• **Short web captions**
------
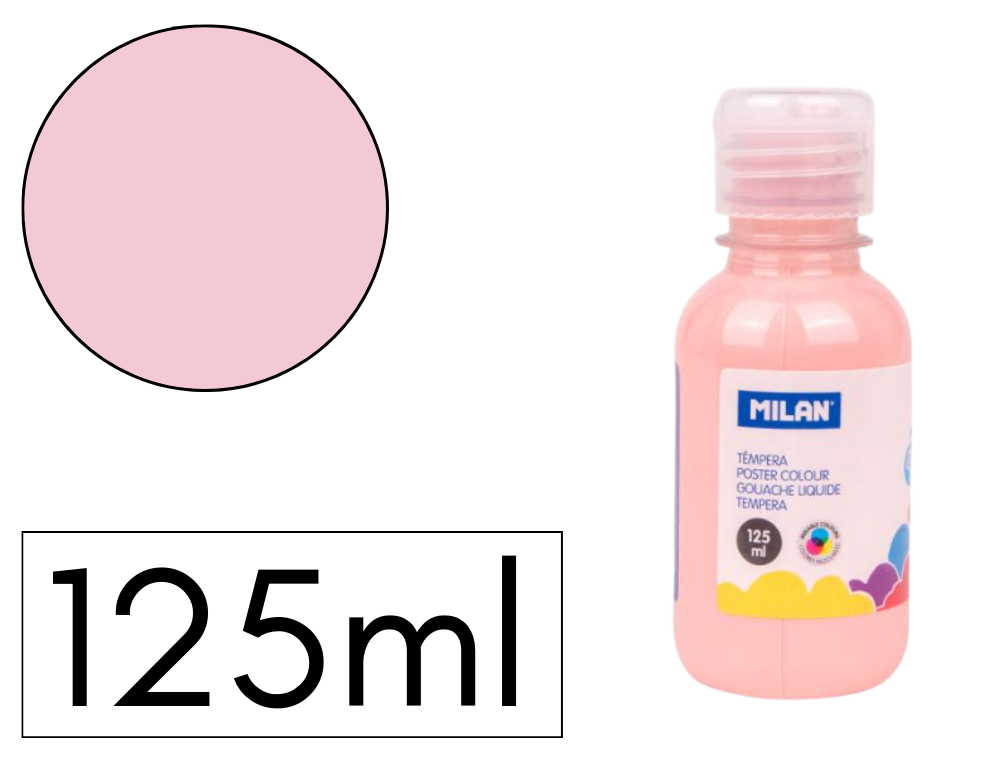 TEMPERA LIQUIDA MILAN ESCOLAR 125 ML ROSA CLARO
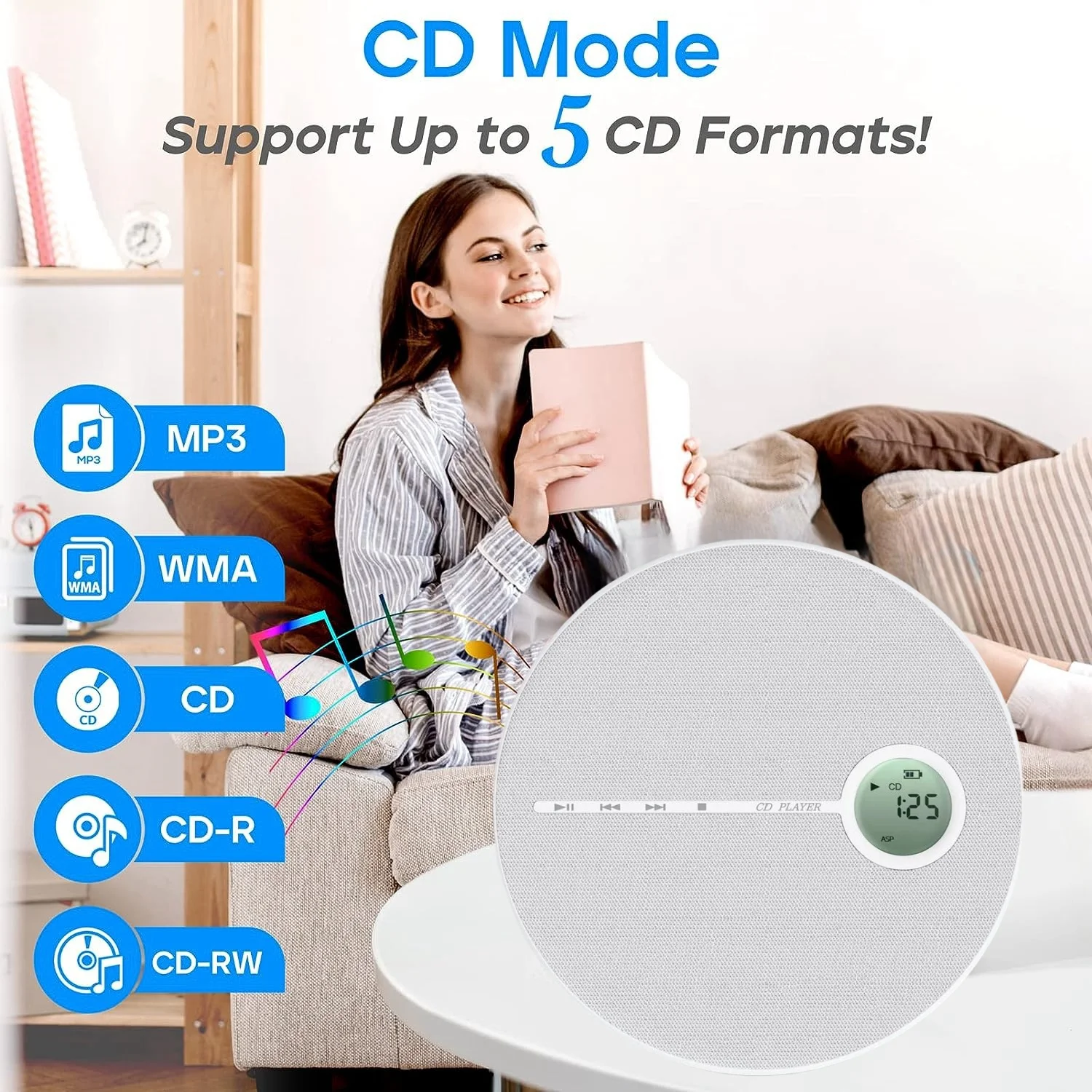 Przenośny odtwarzacz CD z akumulatorem Bluetooth, kompaktowy odtwarzacz płyt CD z muzyką do samochodu/podróży, domowy dźwięk z głośnikiem stereo, AUX, USB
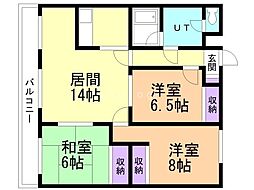 エクレール羊ケ丘 4階3LDKの間取り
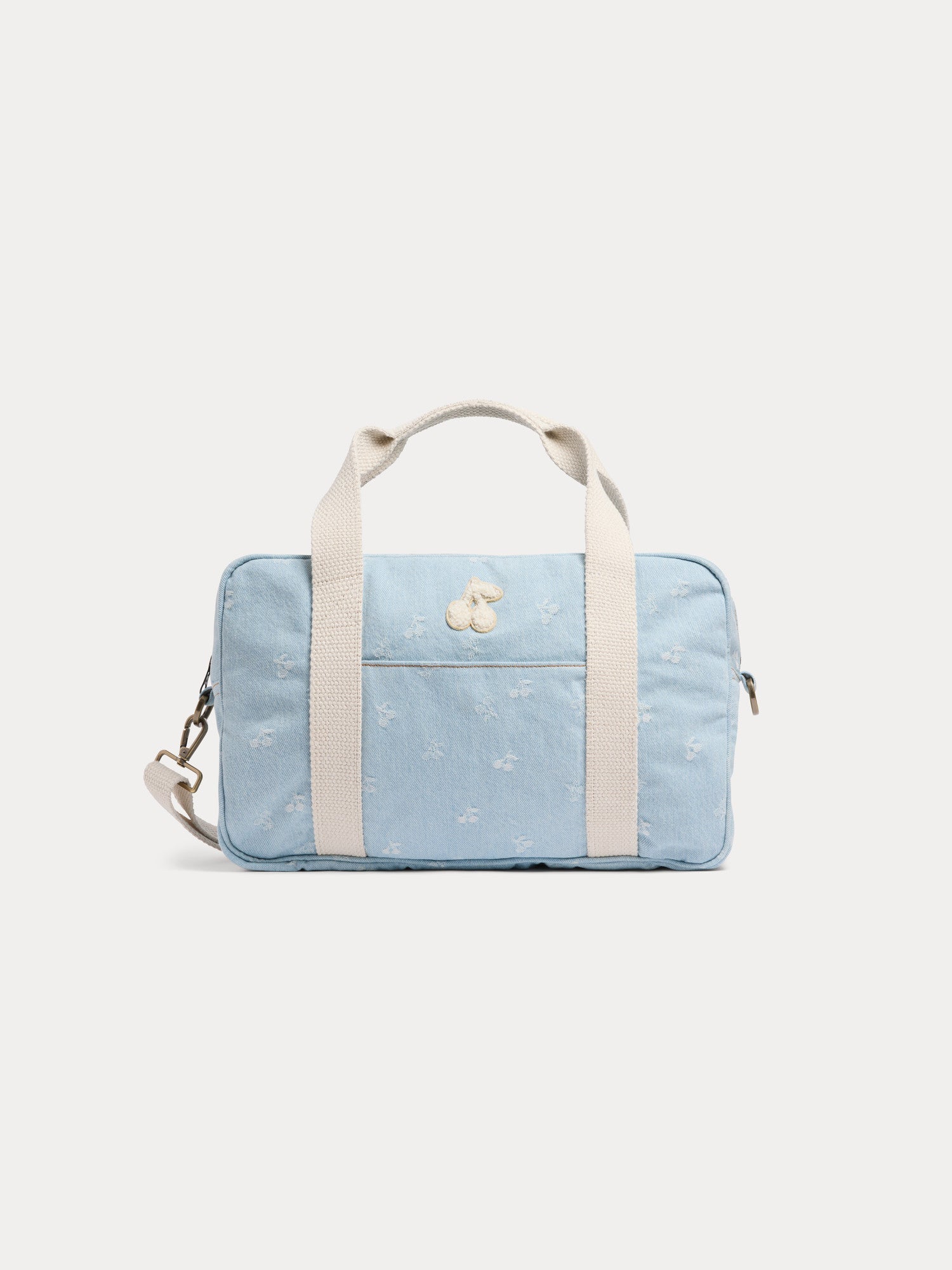 sac bowling en jean jacquard cerise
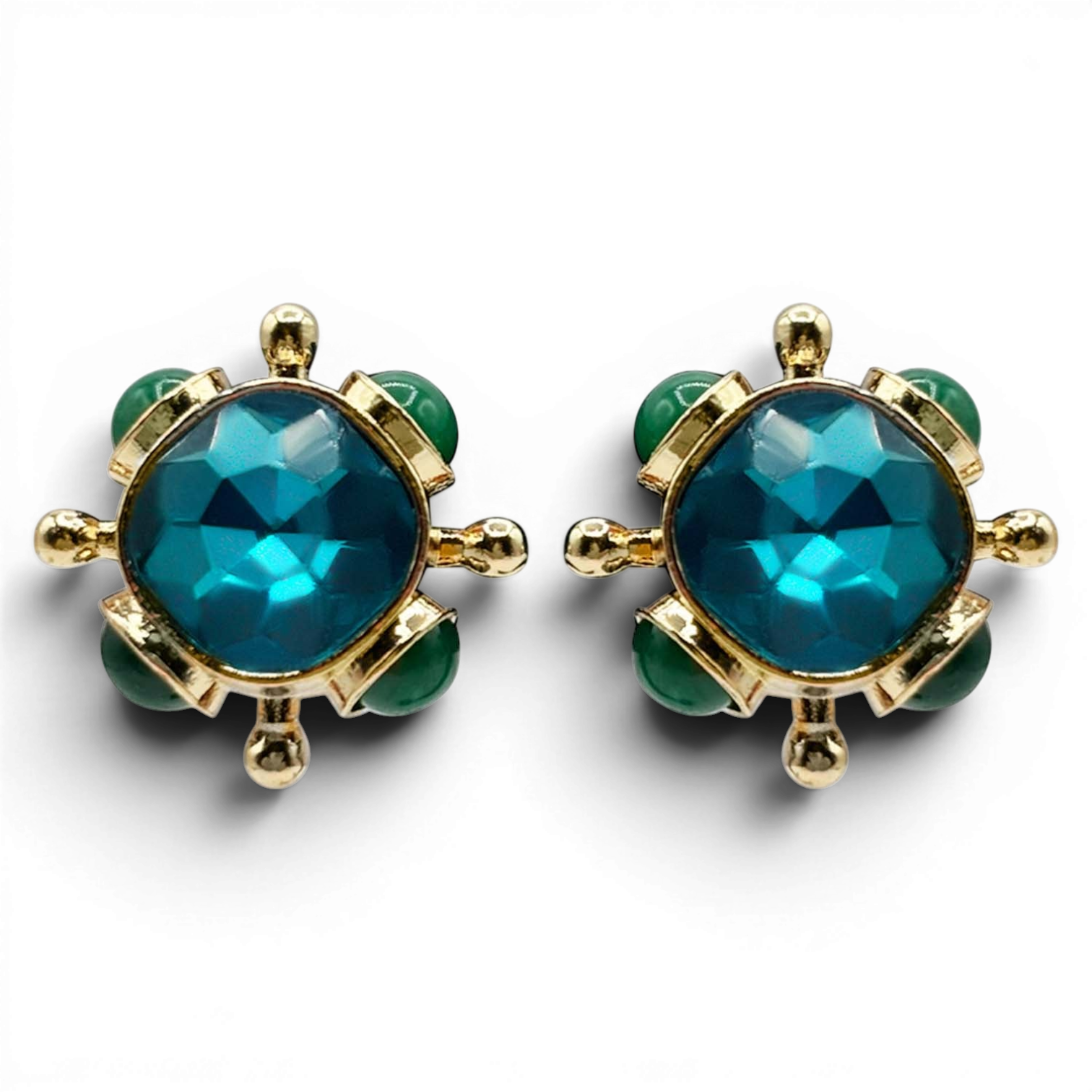 Monica Teal And Green Agate Sputnik Earrings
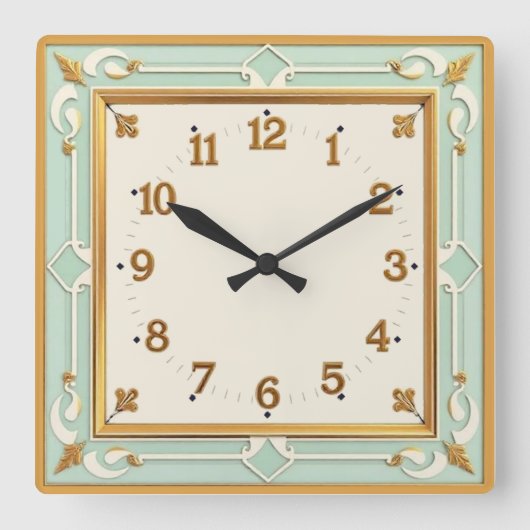 Art Deco Mint Vierkante Klok (Voorkant)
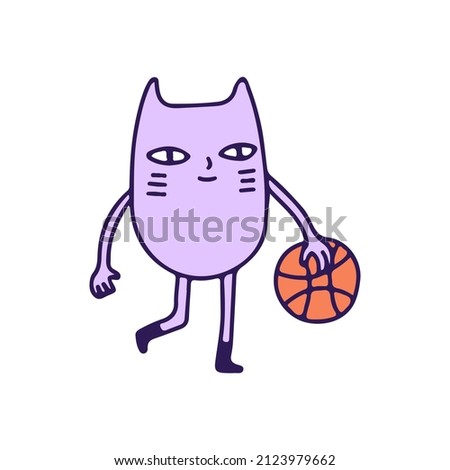 Purple cute cat and basketball, illustration for t-shirt, sticker, or apparel merchandise. With doodle, retro, and cartoon style.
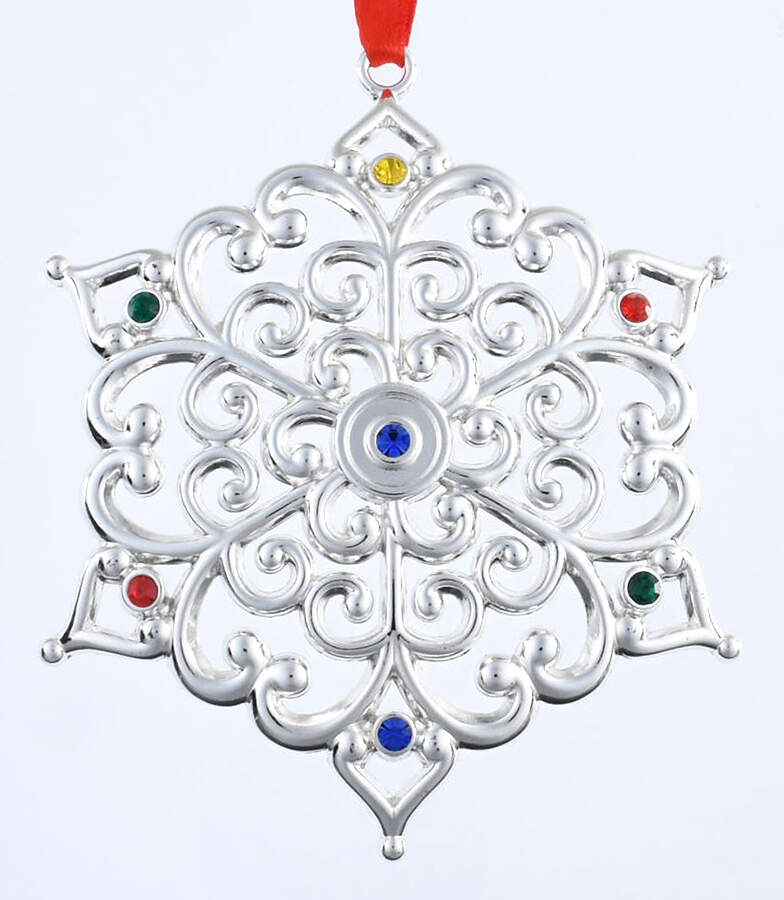 Sparkle and Scroll Multi-Crystal Snowflake - Multicolor - Boxed by Lenox-1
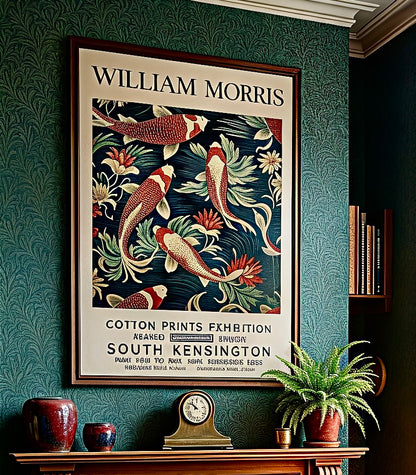 Affiche William Morris – Poster Exposition Cotton Prints Koï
------
• **ACTION ITEM**
Write out, word for word, the lines from the start of the data through the one holding "Art Deco Mint Vierkante Klok (Voorkant)". Omit pictures.

• **EXERCISE ANSWER**
 TEMPERA LIQUIDA MILAN ESCOLAR 125 ML ROSA CLARO
 Przenośny odtwarzacz CD z akumulatorem Bluetooth, kompaktowy odtwarzacz płyt CD z muzyką do samochodu/podróży, domowy dźwięk z głośnikiem stereo, AUX, USB
 エクレール羊ケ丘 4階3LDKの間取り
 sac bowling en jean jacquard cerise
 Monica Teal And Green Agate Sputnik Earrings
 Art Deco Mint Vierkante Klok (Voorkant)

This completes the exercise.